Number Two: If you are the main caregiver, your only responsibility is to your loved one. Not to the four hundred people who freak out that something bad happened and want you to console them. I can’t believe some of the knuckleheads that have been plaguing me. Many have come up with more things for me to do. “You should start a Yahoo group and blog everyday about what’s going on with your sister.” WHAT???? When would I do that? I’m either paying Judy’s bills or driving to the hospital or filling out paperwork or going through scary what-if scenarios with nursing home administrators or trying to devote a few spare minutes to handle the four thousand details of my own life. Which brings me to Number Three.

Number Three: To the friends and extended family of the patient and main caregiver: be a help, not a hindrance. If you are coming from out-of-town, don’t expect to be put up at the main caregiver’s house. Stay with friends or rent a motel room. Don’t burden the caregivers with your needs. Don’t let your kids run all over the house and saddle the caregiver with more work. Ask how you can help. Clean, cook, water the yard, take the patient to a therapy appointment. In other words: DON’T BE AN IDIOT. The Main Caregiver is overwhelmed and is probably on the verge of losing their minds. I know I am. Which brings us to Number Four.

Number Four: Be nice to the Main Caregiver. You’d think this would be obvious, but I have endured more second-guessing and abuse by idiots than you can imagine. Think before you criticize the caregiver. Make sure the information you received is accurate before you call up and rant at someone who is doing their best and is already at the end of their rope. Or they may bite you.

Number Five: Don’t treat the patient like an idiot. Assume they can understand you. Assume they are in there. Treat them with respect. And please don’t shout at them. Just because someone can’t speak doesn’t mean they can’t hear. Keep your visits short. The wounded have very little energy, be careful with it.

Number Six: Beg, borrow or steal some health insurance if you don’t already have it. Get long-term health care insurance when you’re 65. You don’t want to know what happens to people without it. There are many fates worse than death. And yes, I’ve heard all the excuses. “Oh, that won’t happen to me. Strokes and accidents happen to other people.” Well, guess what? You are the “other people.” Another one I’ve heard from friends: “I can’t afford it.” Well, you can’t afford NOT to have health insurance. Most of my friends who’ve said they can’t afford insurance still manage to take vacations, buy concert tickets, iPods and new clothes. Skip the freakin’ extras, get the insurance. At least get catastrophic insurance. The money is not wasted. Without insurance, navigating our broken health care system is a nightmare and a potentially fatal experience. Even with insurance, it’s a nightmare. Basically, our health care system is a nightmare.

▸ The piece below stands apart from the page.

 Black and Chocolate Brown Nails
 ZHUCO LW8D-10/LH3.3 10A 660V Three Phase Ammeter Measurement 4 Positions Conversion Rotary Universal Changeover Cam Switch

Best to protect yourself with as much insurance as you can afford.

Number Seven: Eat right and exercise. If you are overweight, get on a freakin’ diet, NOW. This will prevent 70 percent of cancers and most illnesses. And if you do get sick, you’ll recover faster. My husband Frank works on medical magnetic imaging devices and sees the insides of people all the time. Basically, if you’re fat and unhealthy, your insides look just as bad as the outside. And sorry, but candy is not a food group.

The Most Important Thing I’ve Learned: Tragedies bring out the worst, but also the best in people. A core group of people has come through for me in extraordinary ways during this event. My life is completely changed because of it; my heart feels fifty times bigger. Sometimes your greatest lessons come from life’s most painful events. Be open to the lessons and the love, even when you’re in the middle of what seems to be the worst days of your life. You’ll be amazed at what’s there for you, if you only have the eyes to see it.

Author’s Note: When Judy had her stroke, the doctors told us it was so massive that she would be institutionalized for life. Lucky for us, Judy proved them wrong. She’s making a miraculous recovery and eventually she will regain what she has lost. By the time you read this, she will be living with me and healing. I’ve never felt more blessed.

P.S. A special thanks to the team watching Judy’s house and cats. You guys are the best!